▶ [What you should do]
A faithful copy of the data is the goal; set it down exactly, without the images.

▶ [Supplied data]
- - -
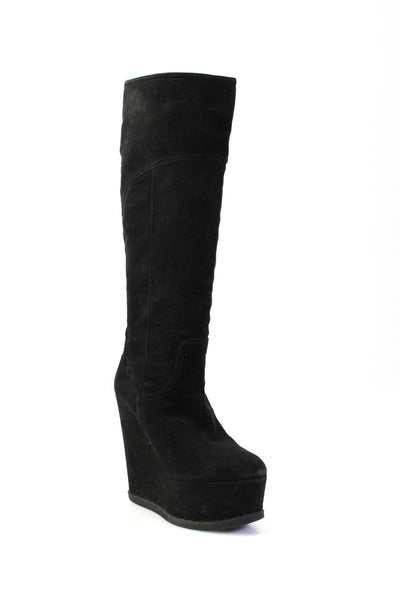 Paciotti Women's Suede Wedge Heel Platform Knee High Boots Black Size 36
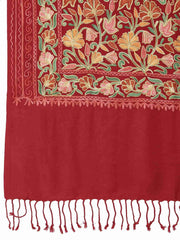 Lush Floral Embroidered Acrowool Shawl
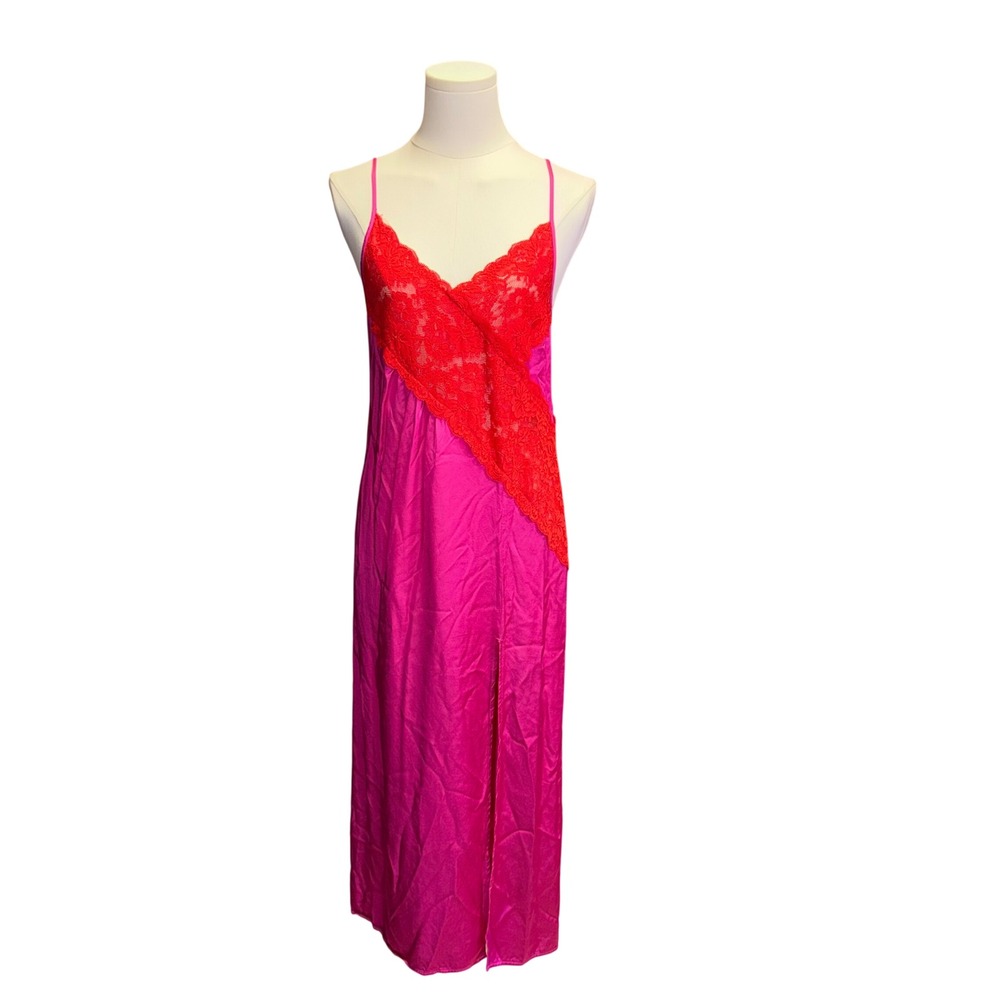 Topshop Womens Pink Satin Lace Trim Maxi Slip Dress Red Lace V-Neck Size 2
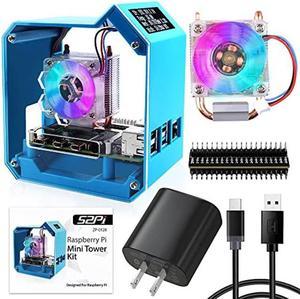 GeeekPi Mini Tower Kit with QC3.0 Power Supply for Raspberry Pi 4, Pi 4 Case with ICE Tower Cooler, 0.96'' OLED Module, RGB Fan, Heatsink, GPIO Expansion Board for Raspberry Pi 4 Model B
- - -
▶ [Solution to this exercise]
 Paciotti Women's Suede Wedge Heel Platform Knee High Boots Black Size 36
 Lush Floral Embroidered Acrowool Shawl
 Topshop Womens Pink Satin Lace Trim Maxi Slip Dress Red Lace V-Neck Size 2
 GeeekPi Mini Tower Kit with QC3.0 Power Supply for Raspberry Pi 4, Pi 4 Case with ICE Tower Cooler, 0.96'' OLED Module, RGB Fan, Heatsink, GPIO Expansion Board for Raspberry Pi 4 Model B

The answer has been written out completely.